To combine the advantages from both CNNs and RNNs, [Vaswani et al., 2017] designed a novel architecture using the attention mechanism. This architecture, which is called as Transformer, achieves parallelization by capturing recurrence sequence with attention and at the same time encodes each item’s position in the sequence. As a result, Transformer leads to a compatible model with significantly shorter training time.

Similar to the seq2seq model in Section 9.7, Transformer is also based on the encoder-decoder architecture. However, Transformer differs to the former by replacing the recurrent layers in seq2seq with multi-head attention layers, incorporating the position-wise information through position encoding, and applying layer normalization. We compare Transformer and seq2seq side-by-side in Fig. 10.3.1.
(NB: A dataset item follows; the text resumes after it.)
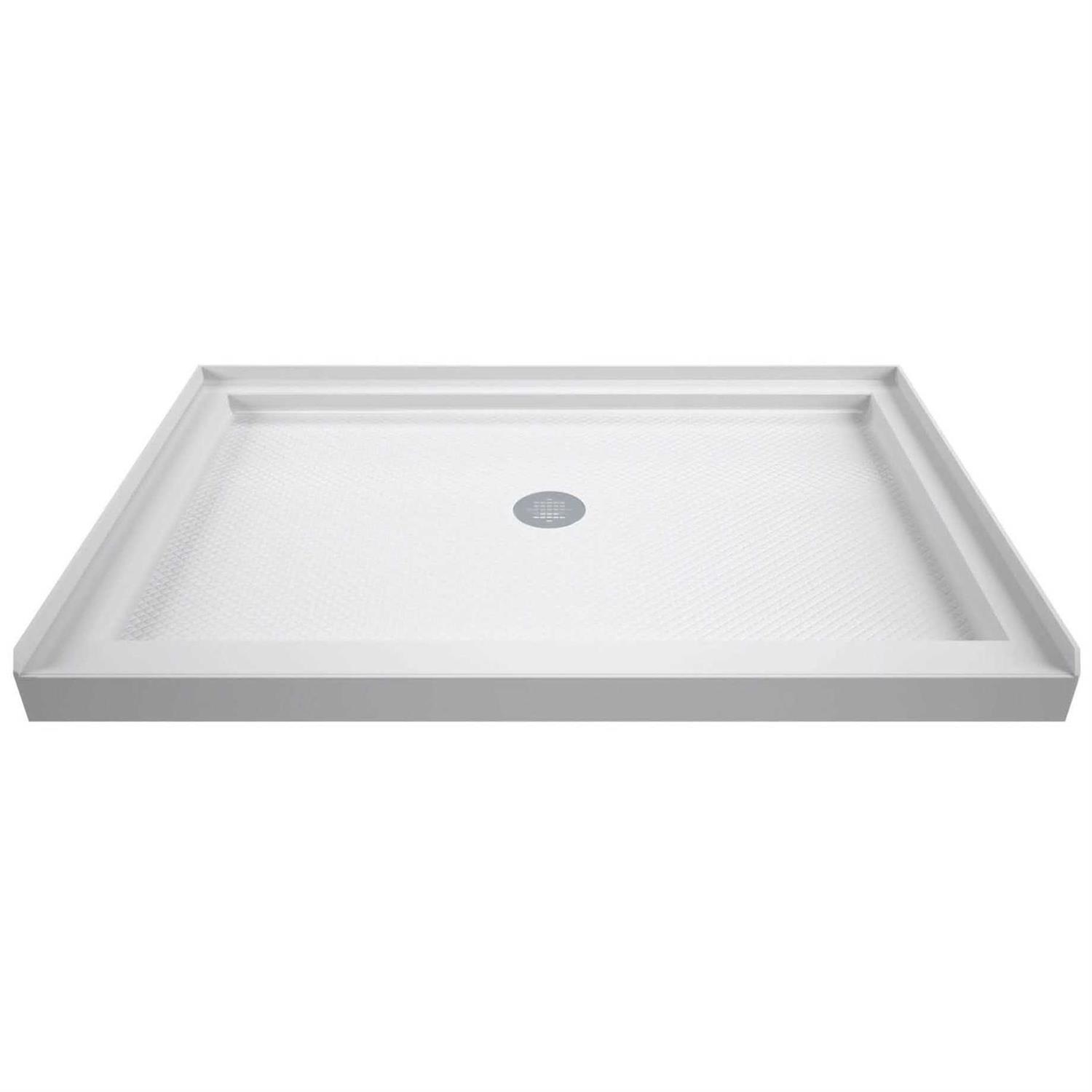 DreamLine SlimLine 48 in.x 34 in. Double Threshold Shower Base DLT-1034481 - MT - Mrs Treak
Overall, these two models are similar to each other: the source sequence embeddings are fed into \(n\) repeated blocks. The outputs of the last block are then used as attention memory for the decoder. The target sequence embeddings are similarly fed into \(n\) repeated blocks in the decoder, and the final outputs are obtained by applying a dense layer with vocabulary size to the last block’s outputs.


Fig. 10.3.1 The Transformer architecture.

On the flip side, Transformer differs from the seq2seq with attention model in the following:

  1. Transformer block: a recurrent layer in seq2seq is replaced by a Transformer block. This block contains a multi-head attention layer and a network with two position-wise feed-forward network layers for the encoder. For the decoder, another multi-head attention layer is used to take the encoder state.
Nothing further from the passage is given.